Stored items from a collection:

—————

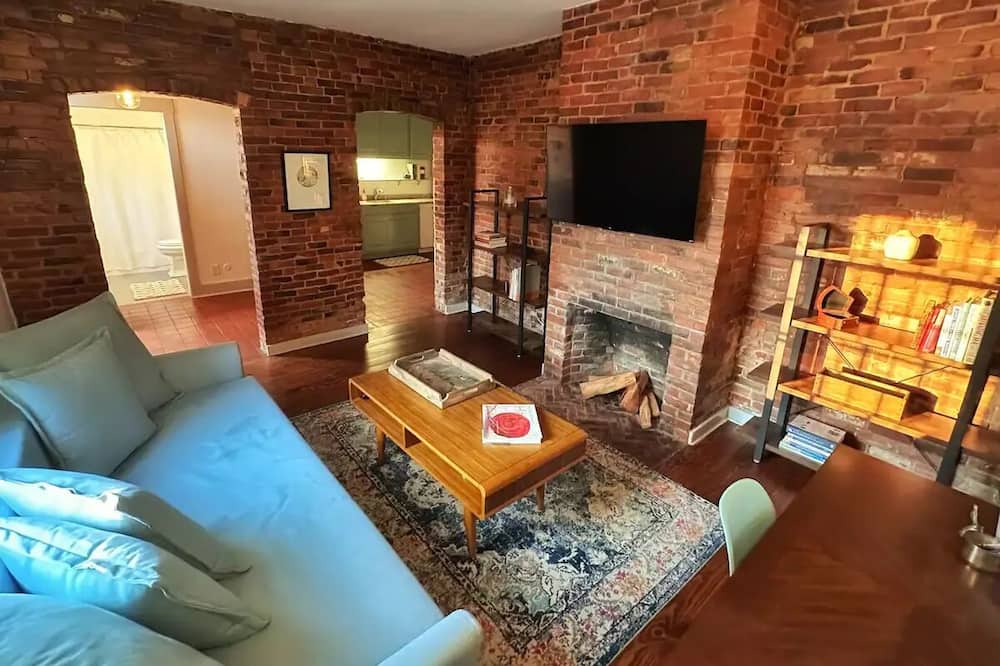 Photo of Livingroom in College Hill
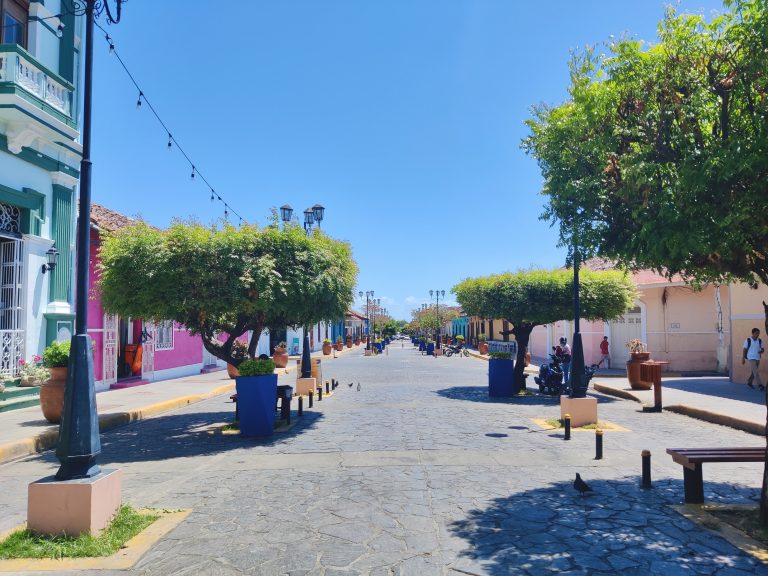 Calle La Calzada is probably the most well-groomed street in Granada, possibly all Nicaragua.  Not a criticism at all.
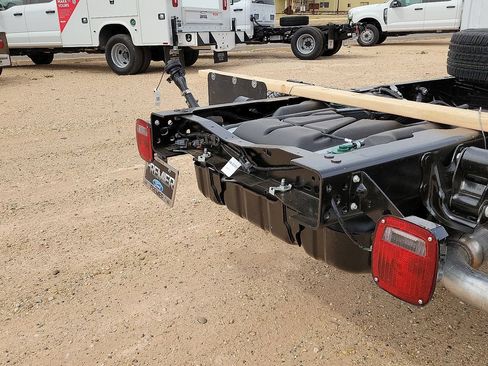 New 2026 Ford F350 XL w/ XL Chrome Package AWD/4WD image 15
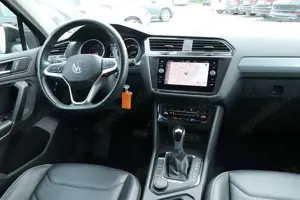 Volkswagen Tiguan 2.0 TDI DSG 4Motion Leder*El.Sitz*SHZ*NAVI* Bild 2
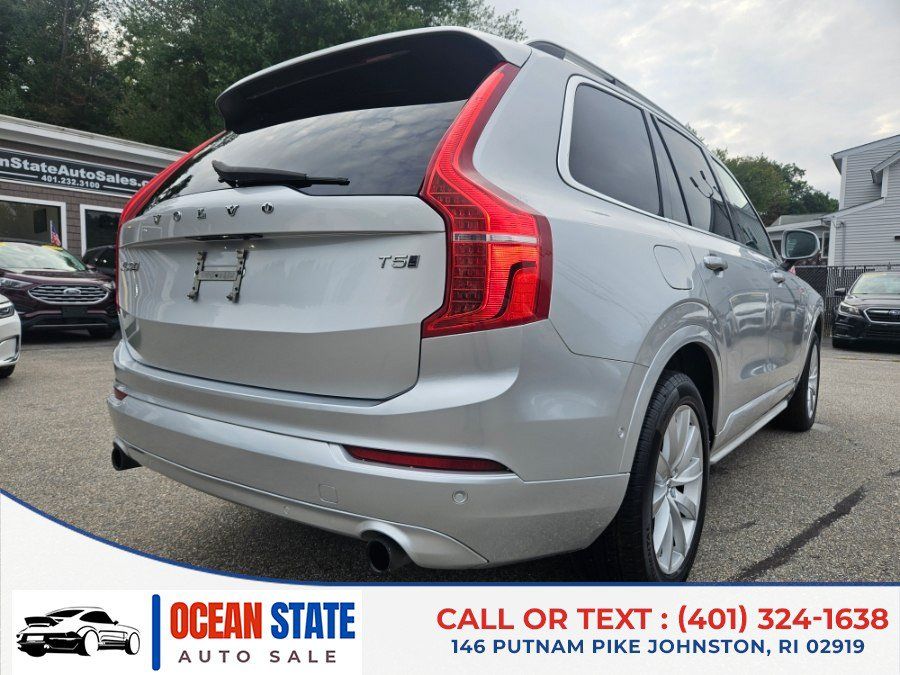 Used 2018 Volvo XC90 T5 Momentum w/ Convenience Package AWD/4WD image 5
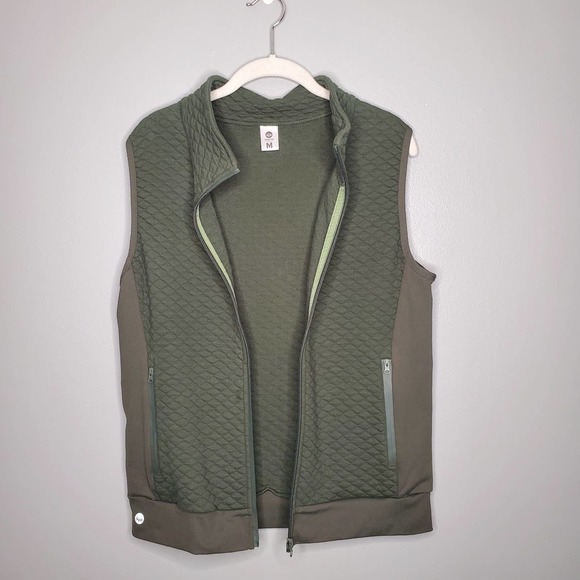 Senita Athletics hunter green quilted vest size M zip up - Picture 4 of 9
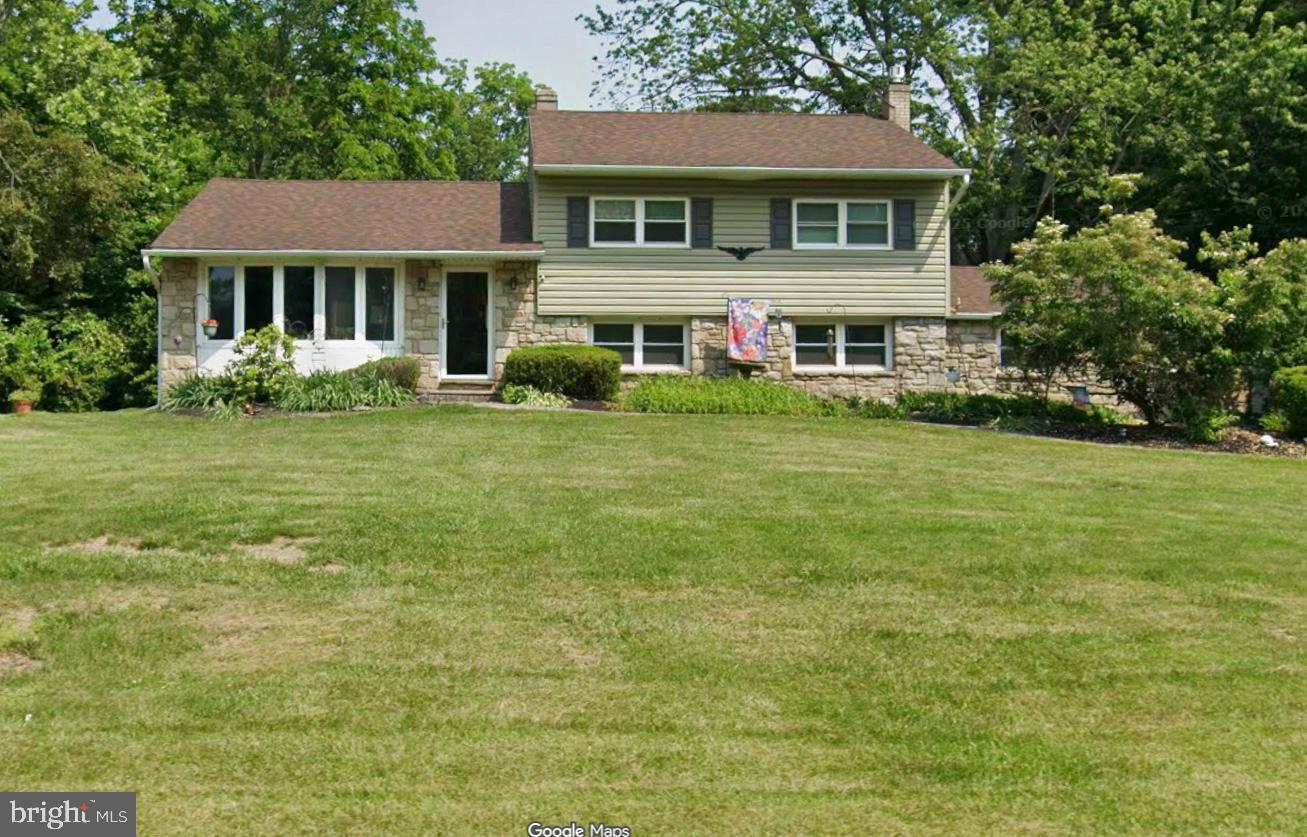 708 Oak Terrace Drive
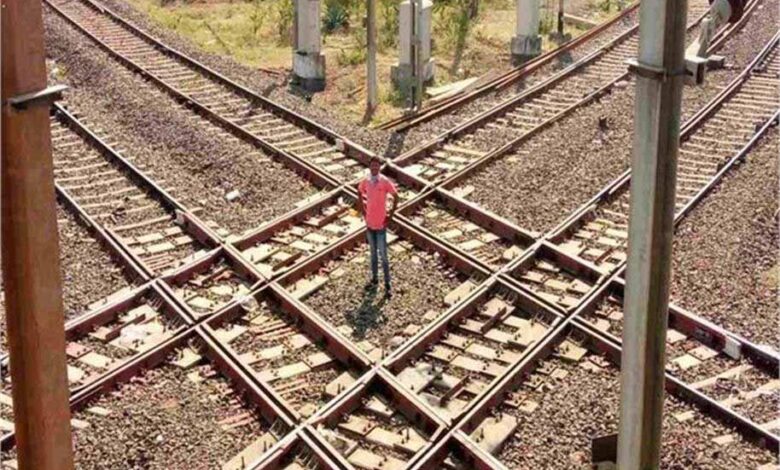 भारत का सबसे रहस्यमय रेल ट्रैक: जहाँ चारों दिशाओं से आती ट्रेनें कभी नहीं टकराती!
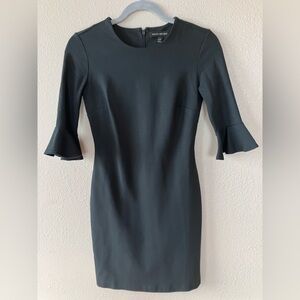 Banana Republic Petite 00P Black Ruffle Sleeve Sheath Dress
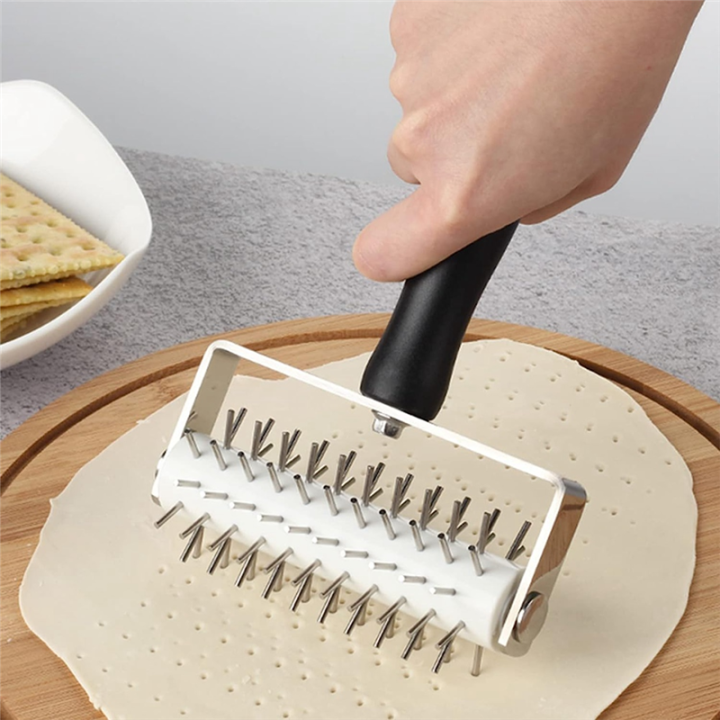Pizza%20Dough%20Roller%20Stainless%20Steel%20Pizza%20Pin%20Puncher%20Dough%20Hole%20Maker%20with%20Plastic%20Handle,%20Docking%20Tool%20-%20Image%202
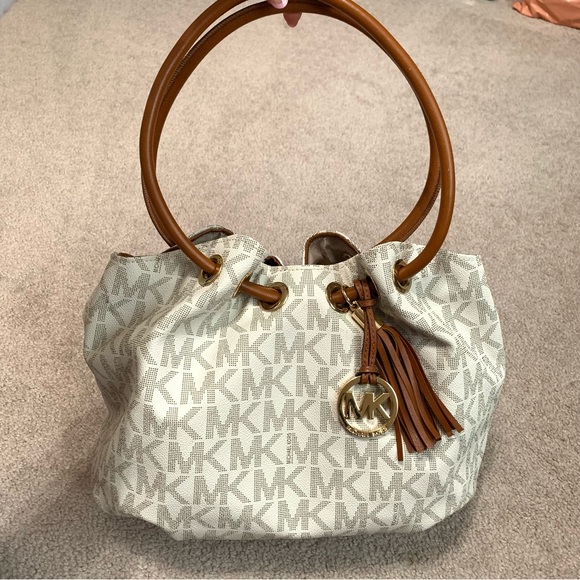 Michael Kors Signature Ring Tote East West Vanilla / Brown Leather Shoulder Bag - Picture 4 of 15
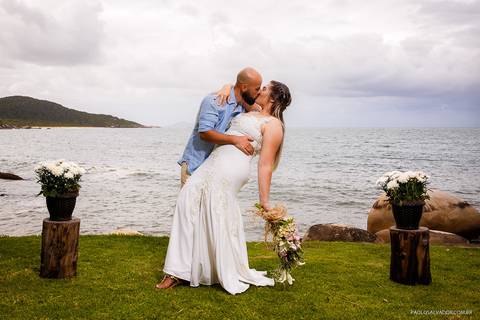 Casamento na Praia de Taquaras em Balneário Camboriú, Santa Catarina. Wedding ao ar livre, Barbara e Rubem, Paolo Salvador - Photo & Film. Fotos criativas da cerimônia do casamento ao ar livre.'
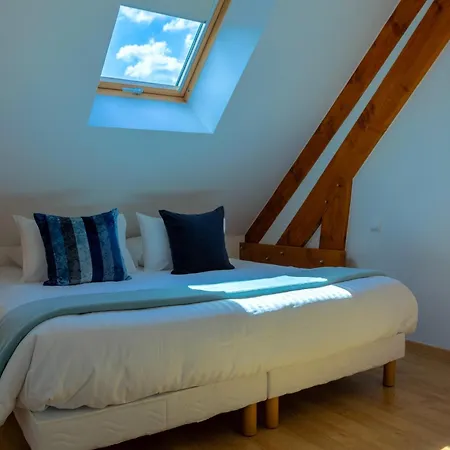 Du Soleil Dans La Ruelle - Les Hirondelles Yvré-lʼÉvêque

—————

Would you restate, exactly and with no pictures, the lines of the entries above from the one containing "Volkswagen Tiguan 2.0" through the one containing "Banana Republic Petite"?

 Volkswagen Tiguan 2.0 TDI DSG 4Motion Leder*El.Sitz*SHZ*NAVI* Bild 2
 Used 2018 Volvo XC90 T5 Momentum w/ Convenience Package AWD/4WD image 5
 Senita Athletics hunter green quilted vest size M zip up - Picture 4 of 9
 708 Oak Terrace Drive
 भारत का सबसे रहस्यमय रेल ट्रैक: जहाँ चारों दिशाओं से आती ट्रेनें कभी नहीं टकराती!
 Banana Republic Petite 00P Black Ruffle Sleeve Sheath Dress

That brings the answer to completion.